7. Christian Salmon (né en 1951), Verbicide - Du bon usage des cerveaux humains disponibles, 2007, Actes Sud/Babel, 119 pages, 7,50 euros, impression Bussière (Saint-Amand-Monrond). Ce n'est vraiment pas très bon. Sujet en or (le Blabla Unique) mais traité avec l'emphase zézayante d'un ténor du barreau totalement bourré. "Crise sans précédent" du langage éructe-il, "la réalité est devenue scène, ou plutôt show" bredouille-t-il avec un effet de manche inspiré par Guy Debord, puis, s'effondrant en s'agrippant à un Exemple Concret, fait pâlir les lambris en assénant que "La puissance d'un acte terroriste tiendrait donc à son caractère inexplicable"... Lire ça, c'est perdre son temps. (Sur le sujet, lire plutôt Chauvier, voir plus haut.)
8. Erri De Luca (né en 1950), La parole contrainte, 2015, Folio/Gallimard, 2017, suivi d'un échange avec José Bové, 95 pages, 5,60 euros, impression Maury (Malesherbes).
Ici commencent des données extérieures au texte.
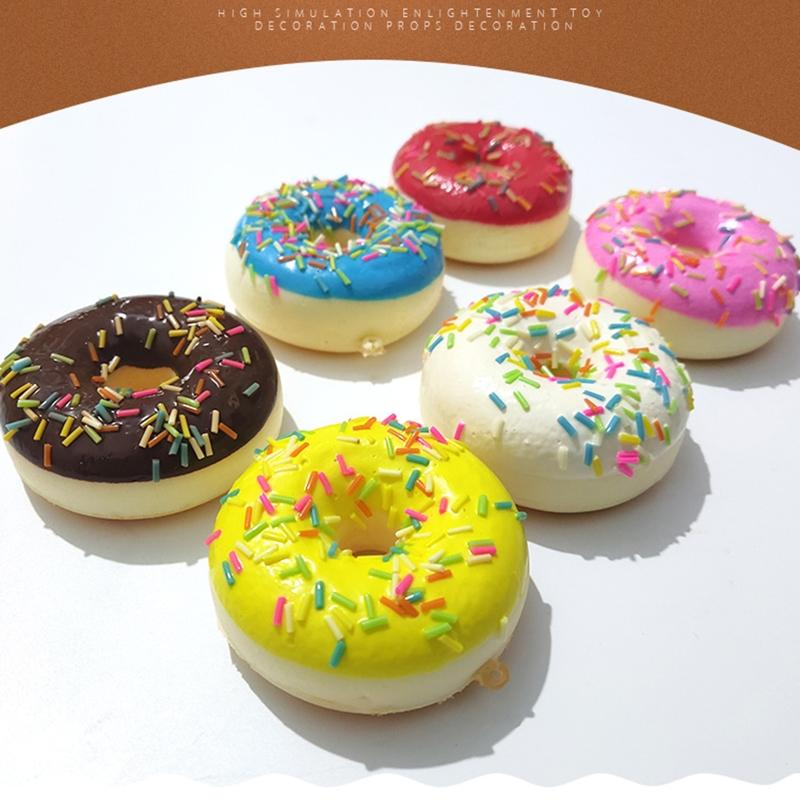 6.2CM Artificial Donut Mini Squishy Novelty Toy Simulation Model Food Chocolate Cake Roll Photography Decoration Props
Un peu léger mais çui-ci est vraiment très bon. Non content d'être grand romancier, De Luca est inimitable militant, et vice versa. En toile de fond, ici, les poursuites judiciaires intentées contre l'auteur pour appel à sabotage - d'un de ces Grands Travaux Inutiles dont les bétonneurs ont le secret très lucratif: un un projet de tunnel TGV promettant de saccager le val de Suse (vallée alpine du Piémont, Italie) de même que toute son économie locale. Sa défense en justice pourrait recevoir le nom d'allégorie de l'Homme Debout. Contre la violence d'État, la violence non-violente des individus faisant masse. "Cette inculpation est mon premier prix littéraire en Italie", dira-t-il. De Luca, membre d'honneur de l'humanité insoumise.
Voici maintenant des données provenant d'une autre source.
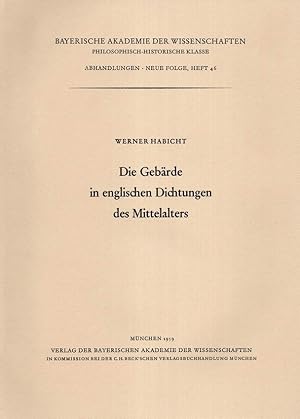 Bild des Verkufers fr Die Gebrde in englischen Dichtungen des Mittelalters. zum Verkauf von Antiquariat Dennis R. Plummer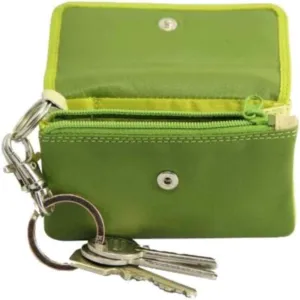 RB 99 Multi Colored Womens Soft Luxury Leather Coin Purse Wallet (Green)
9. René Char (1907-1988) et Nicolas de Staël (1914-1955), Correspondance 1951-1954, éd. des Busclats, 2014, 141 pages, 1 euros (brocante), impression France Quercy (Mercuès). Un seul mais gros regret: les échanges ayant comme principal objet les bois peints que le second réalise pour la poésie du premier, quelques illustrations n'auraient pas été de trop. Mais cet amour partagé pour la belle chose imprimée, avec soin, avec art, avec une minutie presque maniaque: contagieux! Comme l'est le langage d'artiste, Nicolas par exemple, écrivant de Paris le 10 avril 1952: "Mais voilà, place Saint-Michel, une fille de Marseille qui m'enlève tout le calme (...) Une vulgarité, René, telle que cela devient sublime, et ronde comme une pierre tendre. Dieu sait si j'arrive à faire un nu avec ce phénomène mais jamais vu un volume pareil à vingt ans." Un autre monde. Entrevu. Merci à eux.
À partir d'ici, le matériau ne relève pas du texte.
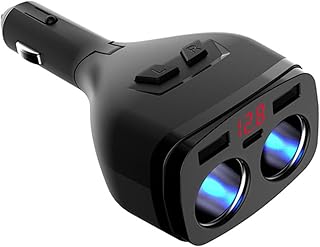 UKCOCO Carregador De Carro Carregador Universal Carregador De Carro Carregador De Celular Carregador De Carro Preto Carregador Rápido Carro USB Carregador Dual USB Carregador De Carro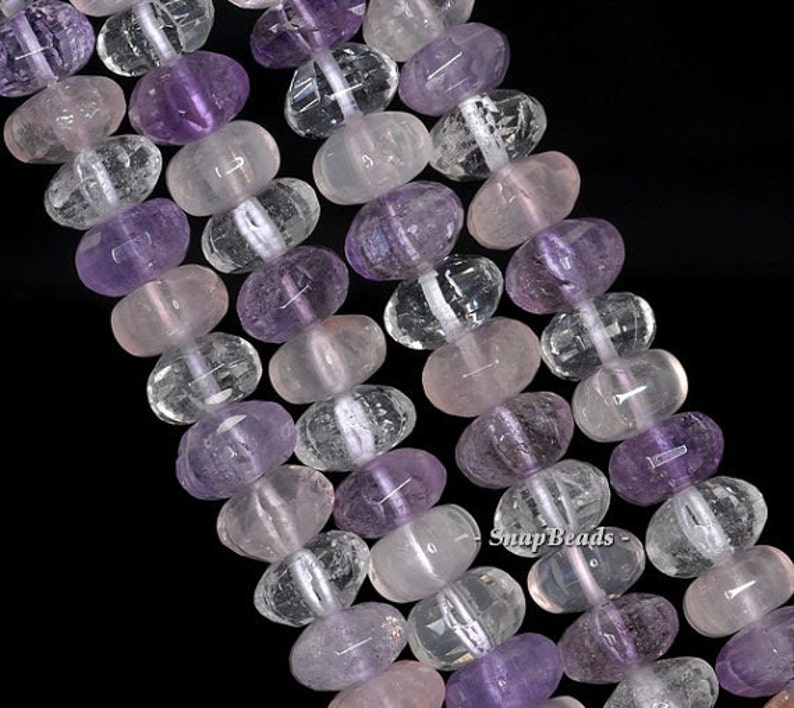 90144098-B33-561 FREE USA Ship 10x5mm Mix Quartz Gemstone Faceted Rondelle Loose Beads 7.5 inch Half Strand LOT 1,2,6 and 12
De Staël s'est suicidé un 16 mars 1955 en se jetant du haut de la terrasse de son immeuble. Avant-goût de son œuvre: https://www.initiationphilo.fr/articles.php?lng=fr&pg=373
10. Tove Jansson (1914-2001), Kometen kommer (= La comète arrive), 1968, Förlaget, 151 pages. Non traduit en français, je pense. Ses contes autour des Moumines enchantent. Elle imagine ici un monde menacé d'anéantissement par colision avec une comète - mais, dit le petiot Moumine, tu verras, maman arrangera ça. Poésie, donc, car Jansson peut décrire un sentier "qui fait des virages et des sauts au point de se faire des nœuds par pur enthousiasme", sentier dont les petites créatures fantasques ne se fatiguent pas, bien qu'on "avance plus vite sur un chemin rectiligne triste." Sagesse...
11. Michel Onfray (né en 1959), Théorie de la dictature, 2019, Laffont, 229 pages, 21,70 euros, impression Graphic Hainautt (Anzin). En fait, je me suis arrêté à la page 79. Onfray, j'aurais dû me méfier. Non qu'il n'y ait pas de bonnes choses, ici, mais question "théorie", c'est zéro virgule zéro. Curieux, d'ailleurs, de manière générale, le nombre d'essayistes critiques talentueux (Graeber ou Piketty, par exemple) qui, piqués par je ne sais quelle mouche, tentent, en sus d'une analyse bienvenue, de produire une Théorie, avec le résultat qu'on imagine, pitoyable. En plus, Onfray, c'est vraiment du n'importe quoi. Dans une section où il est question de la désinformation, il incrime qui? Eh bien, en toutes lettres: "le Parti"... Lequel? Oh! tous et aucun, c'est le Parti dans sa suprême Abstraction. Là, forcé, stop, on arrête, c'est perdre son temps.